» **WHAT IS NEEDED**: Extract the records below word for word and ignore the images.

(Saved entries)
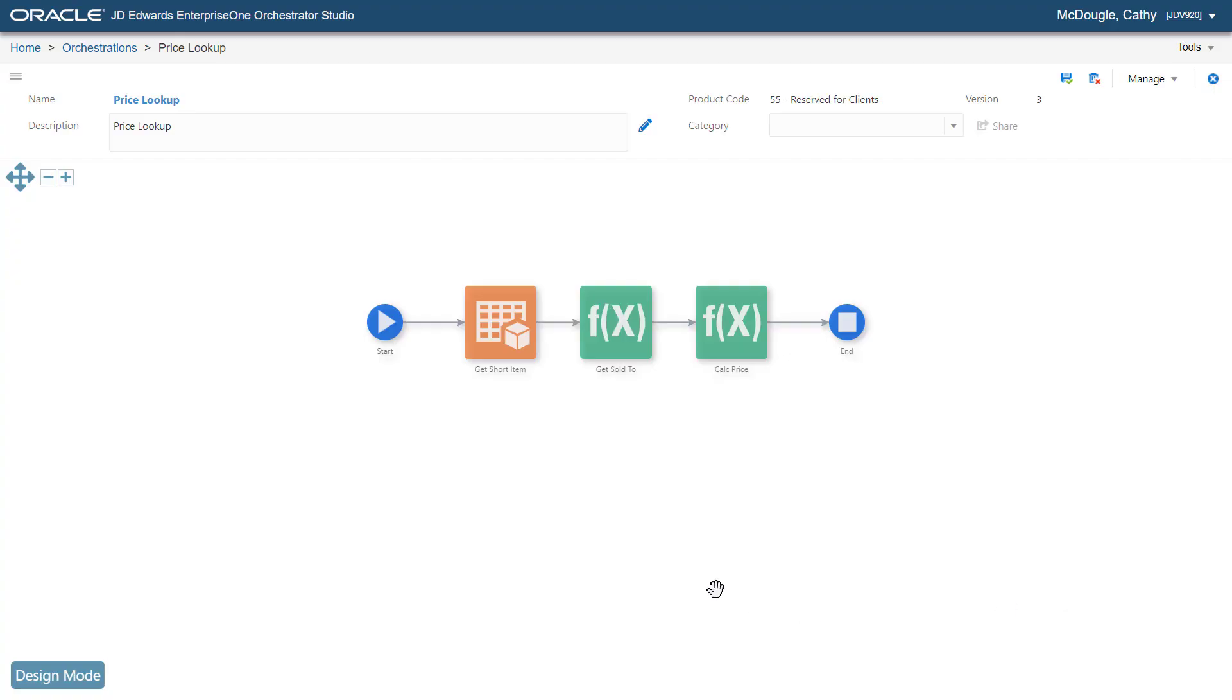Beginning with JD Edwards EnterpriseOne tools release 9.2.4.3, you can call an EnterpriseOne business function directly as an orchestration step. This feature gives your orchestrations even more power and flexibility to invoke EnterpriseOne business logic.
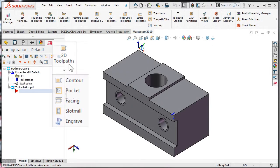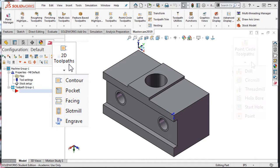Hello and welcome. The goal of this course is to guide you through the creation of the most commonly used toolpaths so that you can become a competent CNC code creator through the use of Mastercam within just a couple of hours.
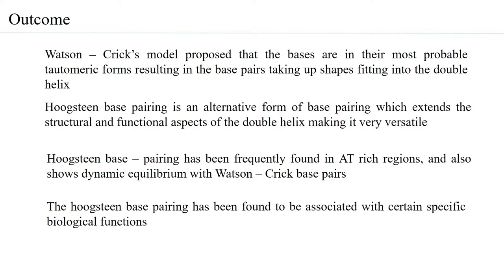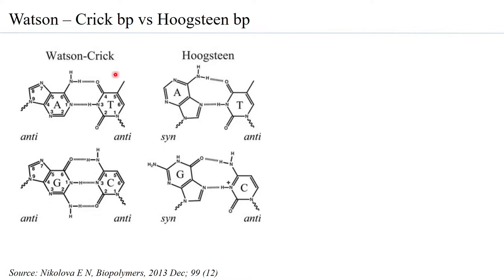Comparing Watson-Crick versus Hoogstein base pairing: in Watson-Crick base pairing, as determined by oligonucleotide studies, X-ray crystallography, and NMR, both purines and pyrimidines are generally in their anti-conformation with respect to the spatial arrangement of the base around the N-glycosidic linkage. The anti/syn distinction is more associated with purines due to their bulkiness, but pyrimidines can also adopt anti or syn conformations.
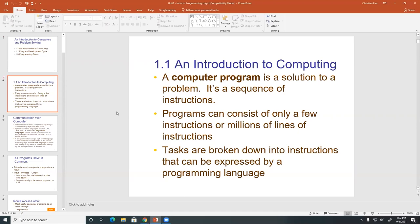Just some basic definitions of a computer program. A program is really just a sequence of instructions. Instructions are designed or given by programmers like yourself.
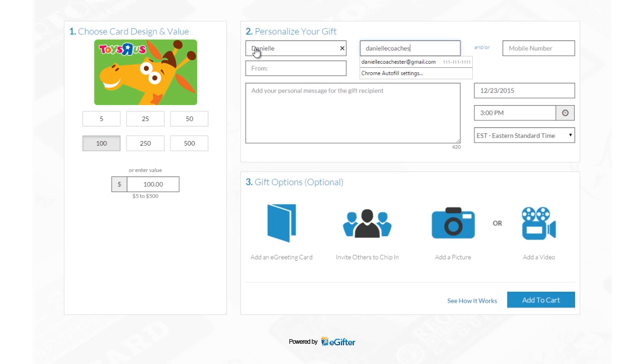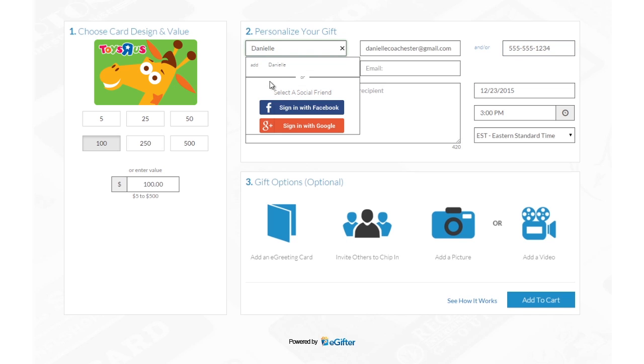Enter your friend's name and email address or their mobile number if you want to send the gift card in a text message. You can also choose a friend from Facebook or Google Plus if you'd like to make this a social gift.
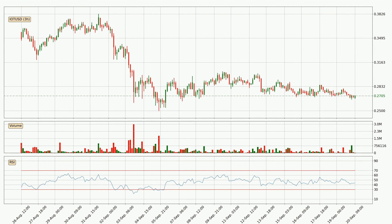Looking at the three-hourly relative strength index, the current three-hourly RSI is at 44, so there are currently no signs of the crypto being overbought or oversold. On the lookout for divergences in the three-hourly time frame, there is a bullish divergence, which means the price could go up from now or at least consolidate for some time.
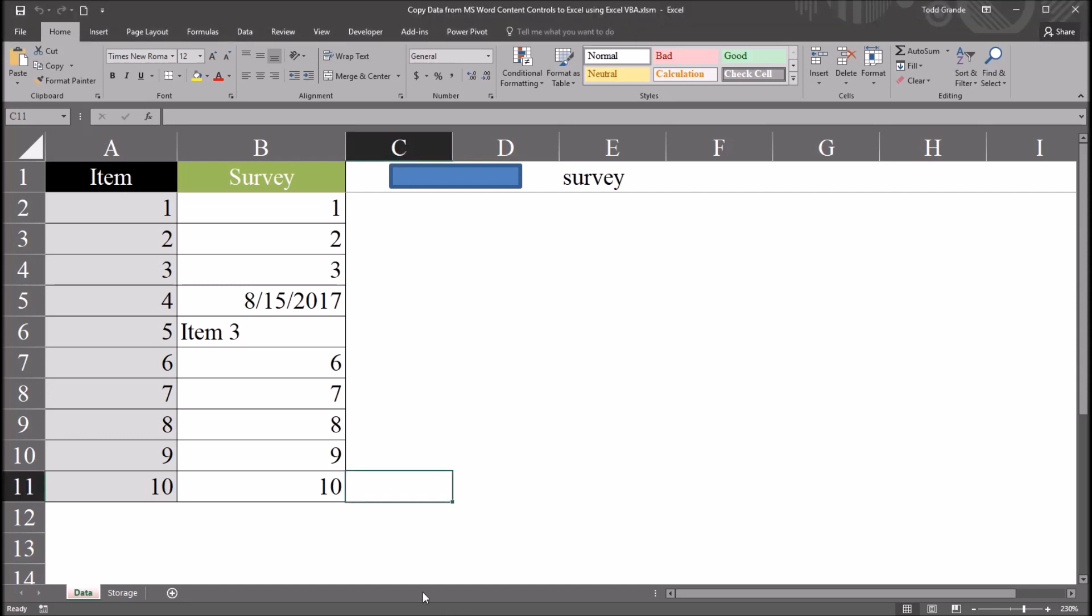I hope you found this video on copying data from Microsoft word content controls to be useful. Thanks for watching.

» **FINAL ANSWER**:
Beginning with JD Edwards EnterpriseOne tools release 9.2.4.3, you can call an EnterpriseOne business function directly as an orchestration step. This feature gives your orchestrations even more power and flexibility to invoke EnterpriseOne business logic.
Hello and welcome. The goal of this course is to guide you through the creation of the most commonly used toolpaths so that you can become a competent CNC code creator through the use of Mastercam within just a couple of hours.
Comparing Watson-Crick versus Hoogstein base pairing: in Watson-Crick base pairing, as determined by oligonucleotide studies, X-ray crystallography, and NMR, both purines and pyrimidines are generally in their anti-conformation with respect to the spatial arrangement of the base around the N-glycosidic linkage. The anti/syn distinction is more associated with purines due to their bulkiness, but pyrimidines can also adopt anti or syn conformations.
Just some basic definitions of a computer program. A program is really just a sequence of instructions. Instructions are designed or given by programmers like yourself.
Enter your friend's name and email address or their mobile number if you want to send the gift card in a text message. You can also choose a friend from Facebook or Google Plus if you'd like to make this a social gift.
Looking at the three-hourly relative strength index, the current three-hourly RSI is at 44, so there are currently no signs of the crypto being overbought or oversold. On the lookout for divergences in the three-hourly time frame, there is a bullish divergence, which means the price could go up from now or at least consolidate for some time.
I hope you found this video on copying data from Microsoft word content controls to be useful. Thanks for watching.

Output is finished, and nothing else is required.